Red Hat even has its own directory service that integrates with Active Directory.
“It use to be the two biggest roadblocks [for the Linux desktop] were Active Directory and Exchange support and those two are gone now,” says Gerry Riveros, product marketing manager for client solutions at Red Hat.
Another concern, however, has been application support both in the number of applications available for the desktop and compatibility with different Linux distributions. While major vendors are helping solve the application issue, a project going on behind the scenes may be adding just as much fuel to the Linux desktop evolution.

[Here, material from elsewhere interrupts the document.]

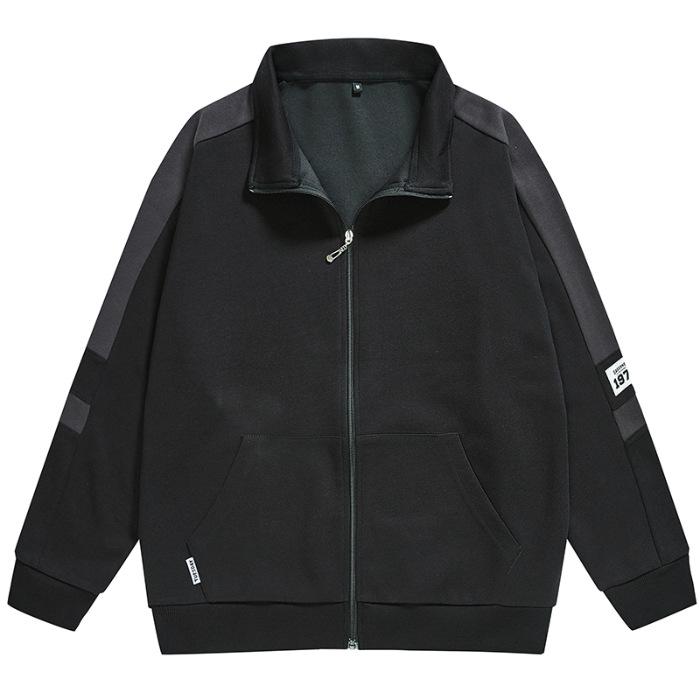 

Осенне-зимняя американская повседневная куртка мужская свободная большого размера с длинным рукавом серый модный тяжелый кардиган свитер модный бренд 4XL чёрный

The Portland Project, which began in December 2005 at the Open Source Development Labs (OSDL), last month released the first in a series of Linux desktop interfaces and tools aimed at simplifying the process of porting and integrating applications on GNOME and KDE Linux desktops.
In essence, developers won’t have to develop a version of their applications for each individual Linux distribution.
“End users will never see the Portland tools,” says John Cherry, desktop Linux initiative manager at OSDL. The first set of command-line tools ensure that menu items and icons show up in a consistent way on the desktop.
Cherry says the small market penetration of the Linux desktop can make it hard to attract application developers, “but Portland gives them one more reason to port their apps to Linux.”
And, he says, it should help those ISVs cut testing cycles at least by half.
The Portland tools will be in the next commercial distributions of Red Hat, Novell SUSE, Linspire and Debian derivatives, while Xandros already includes them in its toolkit.
The interfaces have been used by Google to port Google Earth to Linux and RealNetworks is developing its next-generation software based on Portland.
Asked whether all this would add up to the Linux desktop denting Microsoft’s stronghold, Cherry says with a laugh, “We just don’t go there. I don’t really know how to answer that question. All I can say is that the Linux desktop has some really good capabilities now.”